End Mousavi and Karoubi’s Blockade
» Khatami Concerned About Green Movement Leaders and the Regime
After a two week lull, Iran’s former reformist president seyed Mohammad Khatami finally made expressed his view on the blockade of Green Movement’s leaders. According to the former president’s public relations office, Khatami, speaking to a group of university and cleric university lecturers called on Iranian officials to end the blockade and restrictions on the leaders of the green movement, their families, and political prisoners.
Khatami’s call came just a few hours after semi-official news sources had reported that Mir-Hossein Mousavi and Mehdi Karoubi, the recognized leaders of the Green Movement had been moved from their house to undisclosed locations.
Khatami’s two-week silence had brought on much criticism inside and outside Iran.
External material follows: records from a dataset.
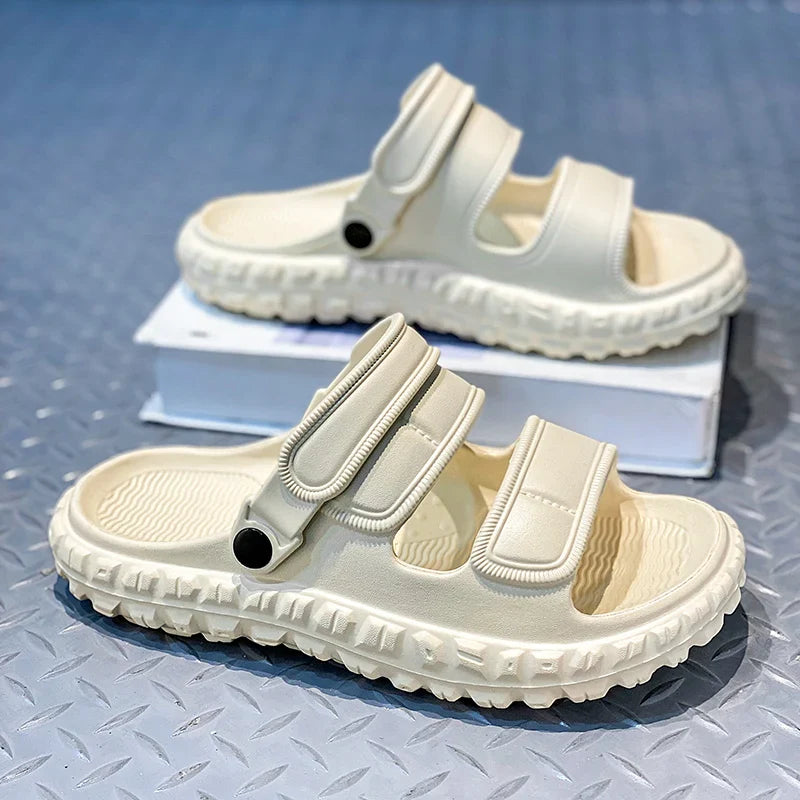 FELIX - Heren Strand Sandalen met Zachte Zool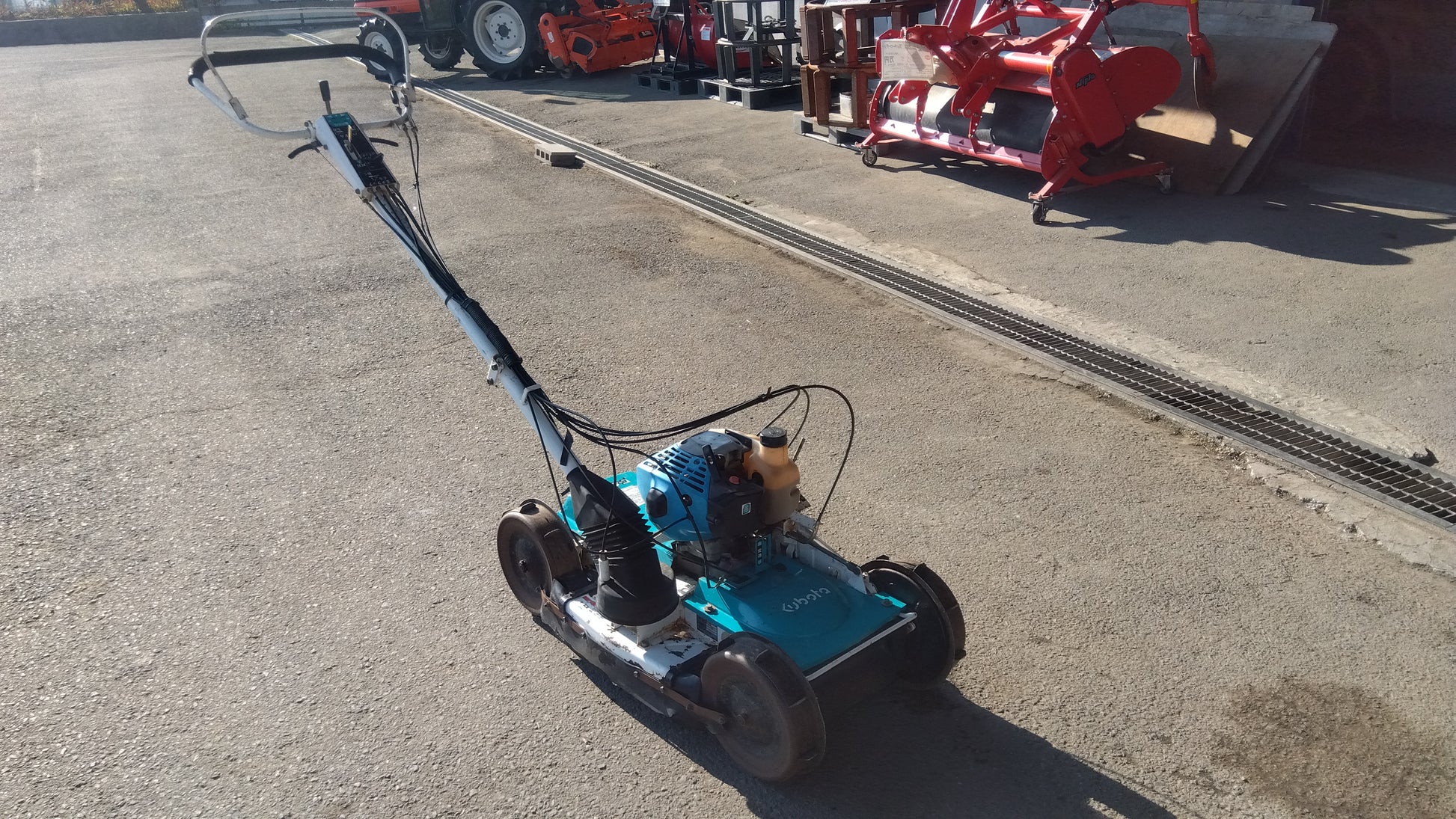 クボタ 中古 法面草刈機（スパイダーモア） GC-S500 「宮城店1760 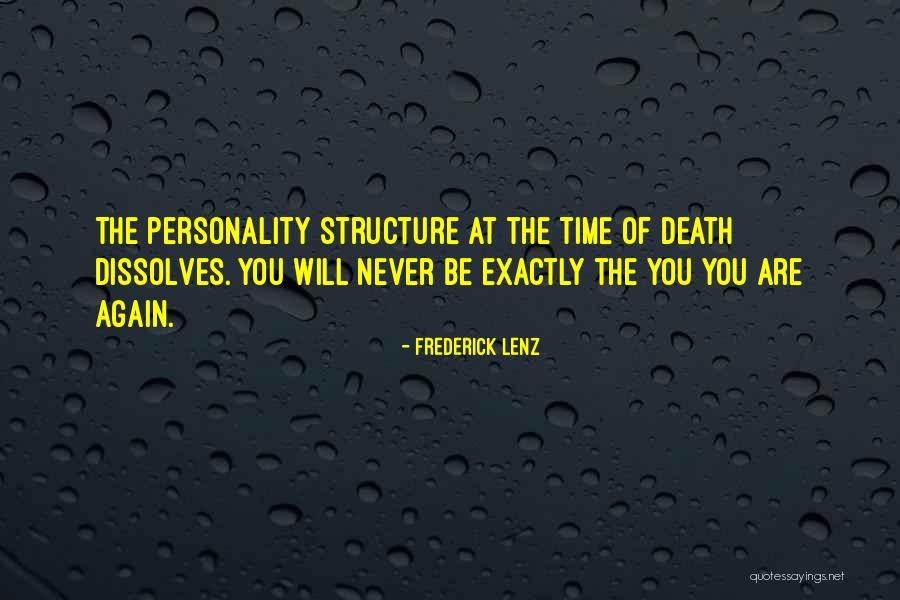 Totta Online Quotes By Frederick Lenz Totta Online Quotes By Frederick Lenz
He had not even commented on the February 14 and February 20th demonstrations in Iran that had been called in protest to the killings of at least five people across the country and also to demonstrate the Green Movement’s solidarity with the uprisings in the Middle East.
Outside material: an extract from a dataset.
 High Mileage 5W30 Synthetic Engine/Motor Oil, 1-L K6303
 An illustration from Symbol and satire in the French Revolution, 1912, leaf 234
”After two years of unnecessary tension that could have been resolved or prevented through respect for the national and citizen’s rights – and which remains possible today - it was expected that the current impasse would have been resolved through reflection and affinity,” Khatami said.
Just a few weeks ago, personalities close to the leader of the Islamic republic openly accused Khatami, through a number of televised programs, of receiving direction for his actions from foreign security agencies such as those in the US and Israel. Saffar Herandi – a former culture minister in Mahmoud Ahmadinejad’s administration - was among them. Speaking at a formal gathering, he claimed that even during his presidency, Khatami had the overthrow of the Islamic republic on his mind and pursued the policy of separating the state from religion.
But in his talk two days ago, Khatami defended the 1979 revolution and the overall concept of the Islamic republic. He expressed his displeasure with those who negated “the great accomplishments” of the revolution, and asks, “When all leading authorities who had been approved by ayatollah Khomeini, the public and the supreme leader are now labeled as corrupt, deviant and counter revolutionaries, don’t people around the world then have the right to conclude that this revolution has produced nothing but corruption and digression? Is this not the biggest dishonor to the revolution? But if the climate in the country is opened and the constitution is accepted as the basis of actions and criticism and even protests are accepted within law, and both the advice of government officials and the free critique of ideas are accepted as a positive value, then would this not be a service to the revolution?”
In another part of his speech, Khatami talked about the blockade and house arrest that the leaders of the country’s Green Movement have been subjected to. “Such actions create conditions for those who do not believe in the regime, Iran, Iranians to possibly manipulate the honest feelings of people, particularly the youth,” he warned
Khatami questioned the actions of government authorities by saying why must individuals such as Mousavi and Karoubi who have served the revolution and the Islamic republic, and have demonstrated their loyalty to the principals of the revolution be put under restrictions and their houses blocked off. He another question that he raises with the authorities he again says would such acts not give opportunists reasons to question the very foundations of the regime?
And on political prisoners, Khatami called for their release, saying, “While freeing existing political prisoners is the right thing to do, in fact we witness the arrest and detention of even more prisoners.”
Just a few weeks ago, Khatami had announced the minimum conditions that must exist for reformers to return to mainstream political activity and elections, and release of political prisoners was one of them. But those calls were met with harsh responses from regime authorities. In one such response, hardline ayatollah Janati said, “We have no need for reformers to participate in elections.”
In his talk, Khatami also spoke of the two faces of Islam that have been presented, one the violent image – which has resulted in an anti Islamic movement around the world - and the other the “shining image”, which he attributed to the 1979 Islamic revolution. It was clear that even though he did not mention these two views to be representative of those inside the Islamic republic, this is what he had on his mind as he has detailed this theme in his earlier talks.
Khatami also returned to his initiative of dialogue between civilizations, adding that it could have turned the Islamic republic into a model system.
Speaking about the events in the Middle East, Khatami said that the people of this part of the world had over the past 100 years become more aware. And in remarks that may be an allusion to the current crackdown and suppressive measures against reformers in Iran today, he opined that while some of the uprisings and battles for freedom, dignity etc had seen setbacks and defeats, people never wavered on their demands and struggles for the negation of dictatorship and calls for freedom and dignity.